Cinar organized about a dozen management presentations to prospective buyers earlier this summer.

Remarkably, Cinar will deliver more than 200 half-hours again this year.

Doc and factual programs

With reality shows, formats and national production mostly hurting sales for international primetime drama, doc and factual programming may be the best place to be.

Montreal-based Filmoption International specializes in documentary and variety programs today, whereas years ago it was known mostly for nature programming, although it recently set up a drama and long-form division.

Filmoption VP Lizanne Rouillard says she has plans for meetings every half-hour at MIPCOM. Rouillard’s cable and satellite clients in France, Spain and Italy are mostly looking for science and technology series. ‘The prices are still low, but there’s the possibility of a sale where there was none before. I can’t sell 26 hours to La Cinquieme [a major French terrestrial network] but [the new channels] will buy it.’ With the advent of specialties, the conventional networks are buying less doc programming, she says.

Filmoption reps as many as a dozen Canadian producers looking for international presales, as opposed to coproduction, which requires the participation of a foreign coproducer. In many territories, presales are worth more than a sale of finished product. A case in point is Spain, says Rouillard.

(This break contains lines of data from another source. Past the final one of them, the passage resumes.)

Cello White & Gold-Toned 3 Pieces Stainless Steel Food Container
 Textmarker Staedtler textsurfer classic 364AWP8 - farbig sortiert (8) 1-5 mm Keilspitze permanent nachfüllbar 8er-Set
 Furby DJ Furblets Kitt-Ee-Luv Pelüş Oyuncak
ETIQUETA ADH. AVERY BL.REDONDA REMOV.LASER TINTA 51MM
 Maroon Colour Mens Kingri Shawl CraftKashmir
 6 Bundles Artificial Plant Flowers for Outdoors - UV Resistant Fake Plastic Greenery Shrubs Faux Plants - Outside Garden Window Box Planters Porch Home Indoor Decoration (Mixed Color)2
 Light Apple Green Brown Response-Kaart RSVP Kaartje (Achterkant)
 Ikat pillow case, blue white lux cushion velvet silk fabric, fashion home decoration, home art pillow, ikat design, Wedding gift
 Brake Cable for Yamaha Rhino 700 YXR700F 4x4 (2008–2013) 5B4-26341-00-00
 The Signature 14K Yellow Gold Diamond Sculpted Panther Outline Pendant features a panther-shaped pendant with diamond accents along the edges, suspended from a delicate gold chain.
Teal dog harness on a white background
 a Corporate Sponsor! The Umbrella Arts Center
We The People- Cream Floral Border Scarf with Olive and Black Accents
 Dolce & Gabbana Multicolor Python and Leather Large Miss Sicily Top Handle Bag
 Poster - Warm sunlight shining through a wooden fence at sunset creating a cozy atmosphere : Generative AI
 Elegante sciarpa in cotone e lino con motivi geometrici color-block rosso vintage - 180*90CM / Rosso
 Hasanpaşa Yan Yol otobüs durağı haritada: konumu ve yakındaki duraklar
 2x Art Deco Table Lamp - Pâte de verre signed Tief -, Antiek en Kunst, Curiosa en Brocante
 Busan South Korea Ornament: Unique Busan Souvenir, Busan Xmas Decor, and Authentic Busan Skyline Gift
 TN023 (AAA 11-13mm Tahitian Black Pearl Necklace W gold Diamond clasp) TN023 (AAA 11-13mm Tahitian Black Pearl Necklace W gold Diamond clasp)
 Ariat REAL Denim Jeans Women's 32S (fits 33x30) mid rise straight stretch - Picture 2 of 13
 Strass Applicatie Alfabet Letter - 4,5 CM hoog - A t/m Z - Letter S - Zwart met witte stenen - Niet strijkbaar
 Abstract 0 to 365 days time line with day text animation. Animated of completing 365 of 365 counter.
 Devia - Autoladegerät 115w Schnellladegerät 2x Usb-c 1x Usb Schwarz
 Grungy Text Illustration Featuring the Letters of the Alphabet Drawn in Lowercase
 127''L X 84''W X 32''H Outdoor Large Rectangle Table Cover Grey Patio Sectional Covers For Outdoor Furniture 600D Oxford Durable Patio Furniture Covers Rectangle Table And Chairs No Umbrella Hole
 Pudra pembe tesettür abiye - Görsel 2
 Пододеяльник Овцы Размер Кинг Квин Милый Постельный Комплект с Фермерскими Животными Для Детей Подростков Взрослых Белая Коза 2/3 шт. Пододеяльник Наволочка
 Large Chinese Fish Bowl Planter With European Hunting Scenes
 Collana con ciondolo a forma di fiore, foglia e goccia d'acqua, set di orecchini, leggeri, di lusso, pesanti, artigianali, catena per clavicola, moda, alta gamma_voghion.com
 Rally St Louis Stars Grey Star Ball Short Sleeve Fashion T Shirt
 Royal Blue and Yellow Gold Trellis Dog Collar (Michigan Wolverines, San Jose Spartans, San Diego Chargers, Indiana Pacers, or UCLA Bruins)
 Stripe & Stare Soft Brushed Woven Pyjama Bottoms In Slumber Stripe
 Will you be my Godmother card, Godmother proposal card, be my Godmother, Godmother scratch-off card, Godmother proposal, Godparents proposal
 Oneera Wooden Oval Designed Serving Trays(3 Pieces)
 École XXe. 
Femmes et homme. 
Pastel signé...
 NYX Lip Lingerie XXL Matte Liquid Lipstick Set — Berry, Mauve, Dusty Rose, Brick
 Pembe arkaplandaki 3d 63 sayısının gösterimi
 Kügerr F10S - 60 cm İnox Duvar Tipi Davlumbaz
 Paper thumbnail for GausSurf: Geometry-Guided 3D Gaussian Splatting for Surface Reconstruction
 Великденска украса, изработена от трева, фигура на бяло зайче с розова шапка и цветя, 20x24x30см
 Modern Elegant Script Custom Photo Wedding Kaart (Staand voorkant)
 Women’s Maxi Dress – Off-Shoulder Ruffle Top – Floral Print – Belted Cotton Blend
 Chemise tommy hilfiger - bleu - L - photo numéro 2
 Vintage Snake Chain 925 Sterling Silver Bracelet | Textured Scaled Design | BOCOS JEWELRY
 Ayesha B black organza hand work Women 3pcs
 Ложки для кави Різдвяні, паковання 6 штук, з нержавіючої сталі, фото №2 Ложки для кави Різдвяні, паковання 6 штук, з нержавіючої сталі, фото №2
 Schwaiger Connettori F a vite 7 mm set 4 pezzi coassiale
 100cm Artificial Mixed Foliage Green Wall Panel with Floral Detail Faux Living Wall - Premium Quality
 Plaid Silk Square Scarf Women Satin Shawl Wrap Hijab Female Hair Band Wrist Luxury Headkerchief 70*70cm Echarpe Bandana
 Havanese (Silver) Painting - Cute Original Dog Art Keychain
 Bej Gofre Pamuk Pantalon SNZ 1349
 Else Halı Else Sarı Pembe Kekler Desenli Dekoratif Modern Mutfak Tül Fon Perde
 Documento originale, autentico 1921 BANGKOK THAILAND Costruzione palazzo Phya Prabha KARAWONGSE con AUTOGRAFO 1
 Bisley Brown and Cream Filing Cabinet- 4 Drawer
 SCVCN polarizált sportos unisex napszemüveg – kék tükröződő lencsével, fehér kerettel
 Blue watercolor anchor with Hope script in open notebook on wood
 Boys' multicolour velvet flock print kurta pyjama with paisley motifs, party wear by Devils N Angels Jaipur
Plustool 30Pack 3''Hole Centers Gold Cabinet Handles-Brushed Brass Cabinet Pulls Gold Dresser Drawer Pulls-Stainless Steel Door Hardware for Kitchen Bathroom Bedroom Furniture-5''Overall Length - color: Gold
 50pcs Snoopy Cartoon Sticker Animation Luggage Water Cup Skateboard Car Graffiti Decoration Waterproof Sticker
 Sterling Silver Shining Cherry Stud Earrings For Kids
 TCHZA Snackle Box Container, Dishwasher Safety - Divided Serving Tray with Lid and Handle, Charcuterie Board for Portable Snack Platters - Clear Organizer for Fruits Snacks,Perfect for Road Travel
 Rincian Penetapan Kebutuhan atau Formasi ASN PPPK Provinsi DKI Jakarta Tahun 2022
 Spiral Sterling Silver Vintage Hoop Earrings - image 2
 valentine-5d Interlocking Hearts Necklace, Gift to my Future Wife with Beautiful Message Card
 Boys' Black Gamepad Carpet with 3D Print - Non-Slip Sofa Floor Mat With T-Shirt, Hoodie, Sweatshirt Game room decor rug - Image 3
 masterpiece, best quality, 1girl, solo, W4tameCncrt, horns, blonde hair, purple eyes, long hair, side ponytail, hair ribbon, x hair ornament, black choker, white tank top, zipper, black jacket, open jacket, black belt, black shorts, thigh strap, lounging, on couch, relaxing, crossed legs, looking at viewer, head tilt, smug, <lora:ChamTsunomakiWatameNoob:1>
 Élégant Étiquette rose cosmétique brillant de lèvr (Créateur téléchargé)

Key Filmoption product at this year’s MIPCOM includes Cosmic Odyssey, produced by Toronto’s Soapbox Productions, an astronomy series presold to French cable with multiple bids from Spanish satellite, and the Discovery Canada series Frontiers of Construction, produced by Toronto’s Barna-Alper and Moncton’s Fiddlehead Entertainment.

‘I fear a lot of Americans might not come or might send smaller delegations,’ Rouillard says.

Joanne Leduc, director, international program at the National Film Board, says one of the top titles for this year’s market is Obaachan’s Garden, a one-hour doc about a Japanese ‘picture bride’ who came to Canada in 1923 and is still alive.

The NFB produces unique one-off docs, positioning itself outside the run-of-the-mill industrial clutter. ‘There seems to be a market [mainly cable and satellite, but also terrestrial in markets like France, Australia and Japan] for that kind of experience,’ says Leduc. ‘More and more people are looking for what we call strong personal stories [about] some kind of unique or different lifestyle or life experiences with universal appeal and interest.’

Another big hitter for the NFB this year is Cordell Barker’s cautionary animated nuttiness Strange Invaders. Leduc says it has the potential to sell to 40 countries as well as to non-theatrical [institutional] clients.

NFB titles do travel

Through A Blue Lens was sold for top dollar to HBO and ABC as well as in almost 20 countries. Festival champ Cinema Verite: Defining the Moment has sold in about 30 markets in the past year and the NFB recently sold a 60-hour animation package to Spanish cable and Latin America.

Doc packages, mostly social and political, but increasingly science, are being regularly sold to thematic channels in France, including Planete and Saisons.

International sales are in the order of $2.5 million to $3 million a year, with 10 staffers in Montreal, Paris, London and New York.

Also at the market, Telefilm Canada will host a reception marking the launch of the new Canada pavilion on Monday, Oct. 8, while Nelvana International will host a special lunch on Oct. 7, marking its 30th anniversary.